За этим последовала казнь пленных викингов. Кровожадность Снэфрид была непомерной, но Атли не смел противиться ей. Исполняя обязанности правителя в отсутствие конунга, он, облаченный в венец и мантию, занял место на галерее дворца и лишь согласно кивал в ответ на распоряжения супруги брата. Пленных было много, и Снэфрид назначила им страшное наказание, которое называлось «свиньей». Несчастным выкалывали глаза, вырывали языки, обрезали уши, затем рубили руки по локоть и ноги, прижигали раны и выбрасывали тела на дорогу за городскими воротами. Запах крови – теплый и тошнотворно сладковатый, с привкусом железа – отвратительным облаком поднимался над площадью перед дворцом. Палачи валились с ног от усталости, и викинги сами довершали их работу. Эмма пыталась уйти, мучимая тошнотой, но ее удерживал прибывший из Байе Ботто Белый, который помог Лебяжьебелой справиться с незваными гостями.
– Ты ведь собираешься стать одной из наших, Эмма, – твердил он. – Так пусть же люди Ролло не подумают, что ты жалеешь их врагов.
Затем он сообщил ей, что, когда покончат с простыми воинами, примутся казнить ярлов. Вместо позорного наказания «свиньей» Снэфрид согласилась предать их смерти, которую дети Одина зовут «кровавым орлом». И Эмма, близкая к обмороку, вынуждена была смотреть, как датских ярлов ставили лицом к столбу, связывали им руки, а затем, взрезав со спины подреберье, вырывали из раны легкие и сердце.
Прислушиваясь к хрипу и предсмертной икоте несчастных, Ботто ругался в усы:
– Сосунки, бабы в юбках! Воин только тогда является героем, когда демонстрирует презрение к смерти и умеет сдержать крик. Поделом! В другой раз будут знать, что в Нормандии им нечего ждать ни славы, ни золота…

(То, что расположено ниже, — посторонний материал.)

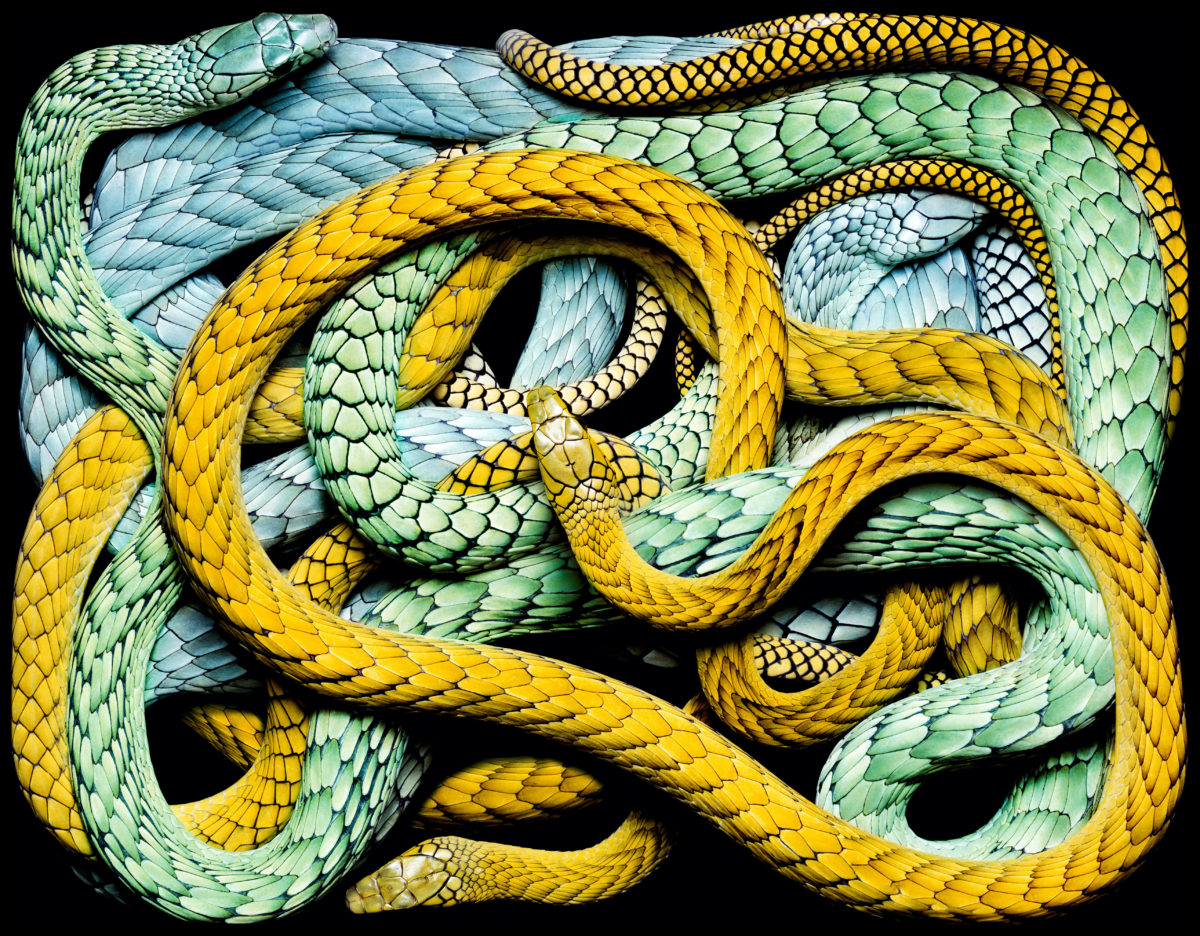 snake-snakes image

Эмма пыталась внушить себе, что эти истекающие кровью люди всего лишь грубые варвары, алчные бродяги, сеющие смерть и ужас, и она должна ненавидеть их. И все же, когда визг очередной жертвы слился с пронзительным хохотом Снэфрид, она не выдержала:
– Святые угодники, окажите милосердие тем, кто доверился этому исчадию преисподней!
Ее восклицание донеслось и до ушей стоявшего неподалеку Рагнара. Эмме было безразлично, передадут ли ее слова супруге Ролло, однако она была крайне удивлена, когда на следующий день ее позвали на пир, устроенный в честь Лебяжьебелой.
Эмма сидела за одним из нижних столов, украдкой наблюдая за воинственной супругой конунга и невольно отводя глаза, когда замечала, что и та, в свою очередь, поглядывает в ее сторону. Норманны поднимали рога, осушая их во славу своей предводительницы. Эммой овладело вдруг странное чувство, которое подталкивало ее делать то, что могло бы отвлечь внимание пирующих от Лебяжьебелой: она пела, когда ее просили, была оживлена, шутила. Когда же Ботто провозгласил здравицу в ее честь и многие викинги шумно поддержали его, то девушка почувствовала, что ей удалось добиться своего.
Внезапно Ботто придвинулся к ней и, дыша в самое лицо, сипло зашептал:
– Девушка, прозванная Птичкой, ты могла бы превзойти Сванхвит!
– Что ты говоришь? Почему?
Она опомнилась – и испугалась своего вопроса. Острые глазки седоусого викинга из Байе лукаво поблескивали.